• _Assigned task_
Repeat only the lines below that run from the line with "Floral Scarf Butterflies" to the line with "Arched Wall Mirror", ends included; skip every picture.

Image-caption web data
>>>

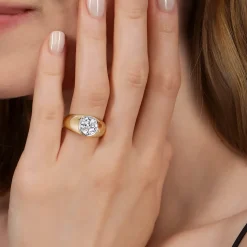Best Gabriel & Co. Caya - 14K White-Yellow Gold Round Wide Band Diamond Engagement Ring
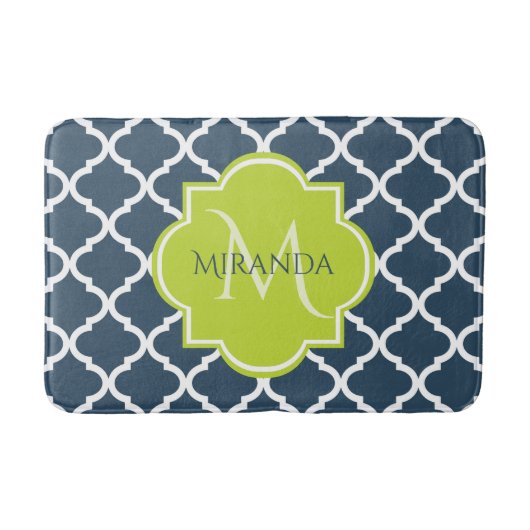 Elegant Monogram Marine Green Quatrefoil en Name Badmat (Voorkant)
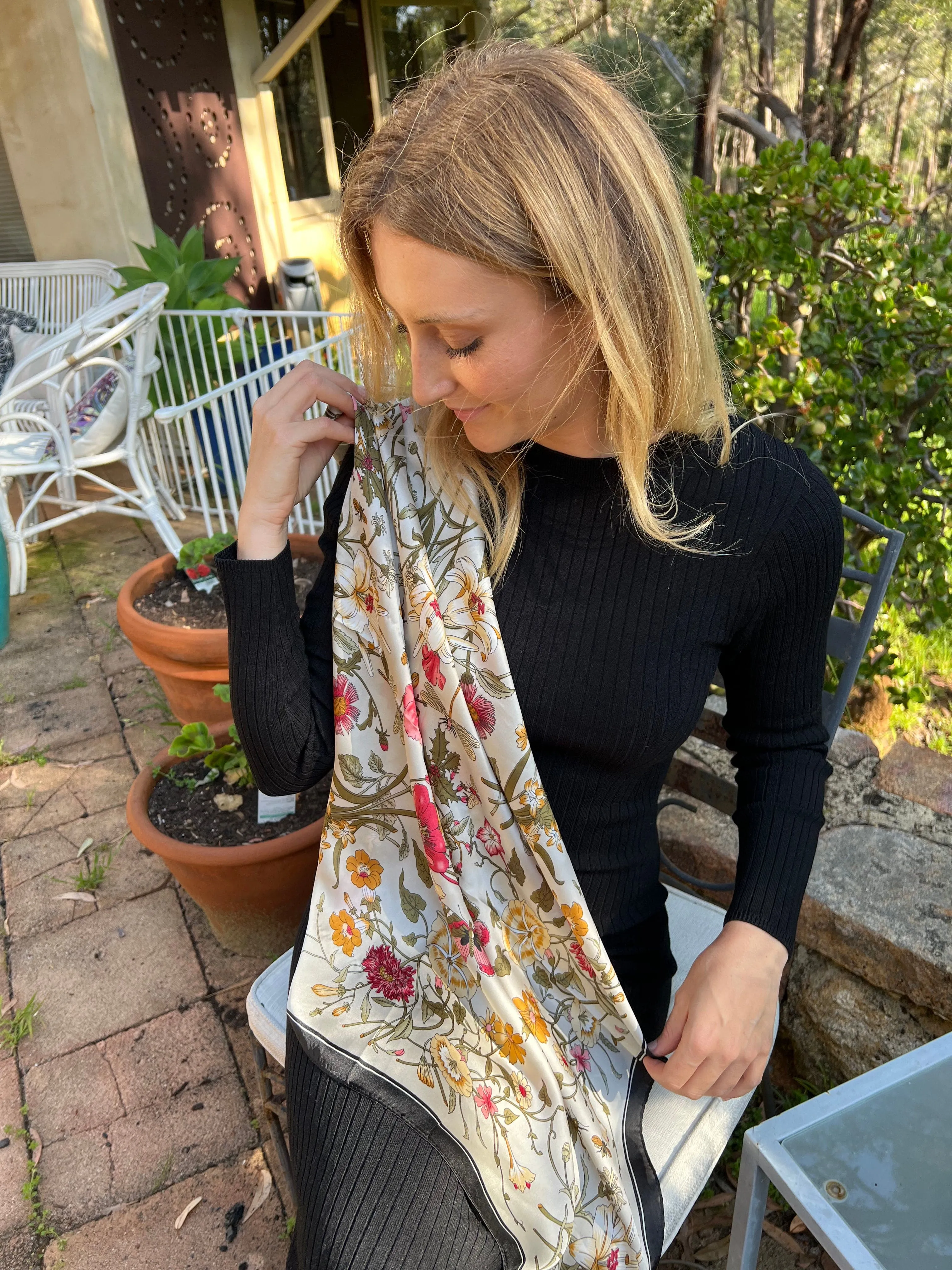 Floral Scarf Butterflies - Square - Head Scarf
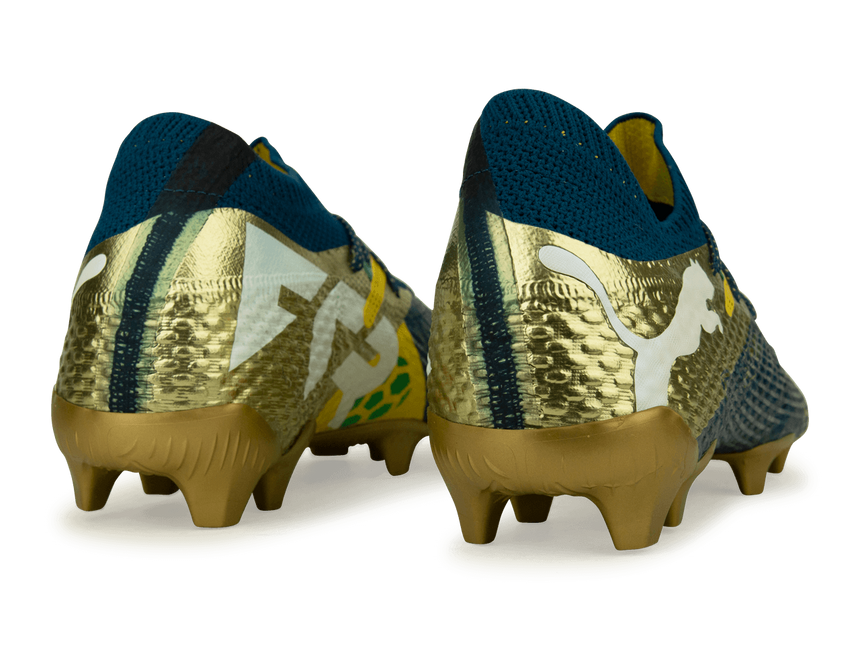 PUMA Men's Future 7 Ultimate BNA FG/AG Blue/Yellow/Green Gold Rear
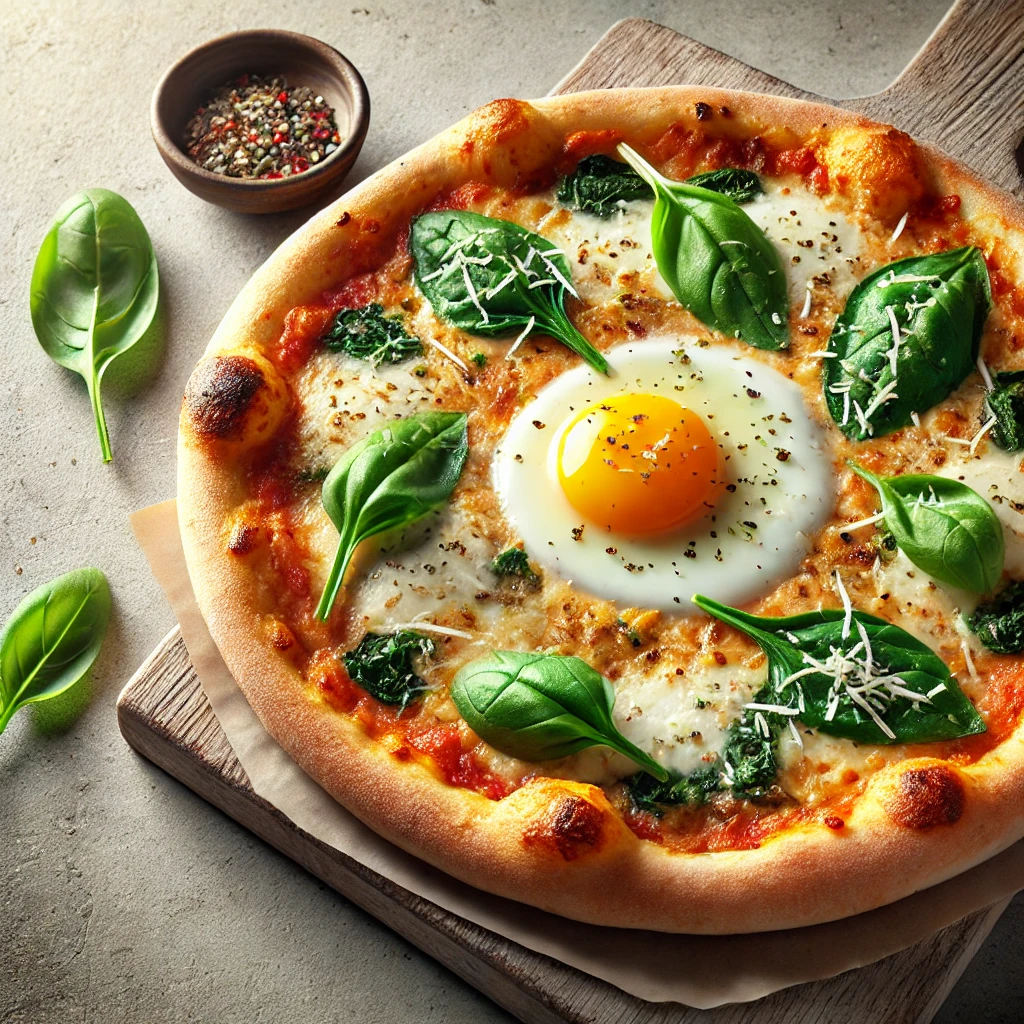 Friss tojással és spenóttal készült pizza recept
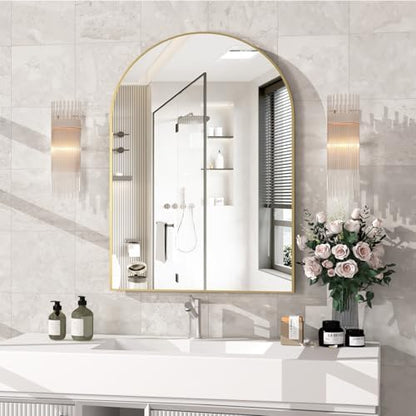 Arched Wall Mirror for Bathroom, 40"x30" Arched Mirror Wall Mounted Mirror with Metal Frame, Gold Vanity Mirror Decor for Mantle, Bedroom, Entryway, Living Room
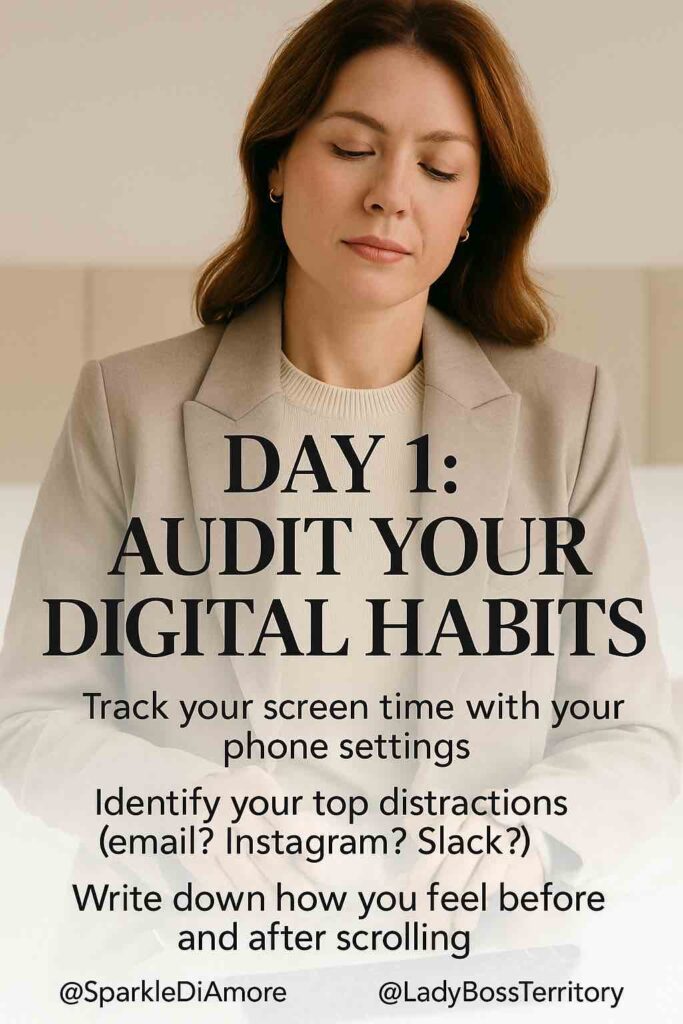 Mindful female entrepreneur reflecting on digital habits for day 1 of a 7-day digital detox challenge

<<<

• _Finished task_
 Floral Scarf Butterflies - Square - Head Scarf
 PUMA Men's Future 7 Ultimate BNA FG/AG Blue/Yellow/Green Gold Rear
 Friss tojással és spenóttal készült pizza recept
 Arched Wall Mirror for Bathroom, 40"x30" Arched Mirror Wall Mounted Mirror with Metal Frame, Gold Vanity Mirror Decor for Mantle, Bedroom, Entryway, Living Room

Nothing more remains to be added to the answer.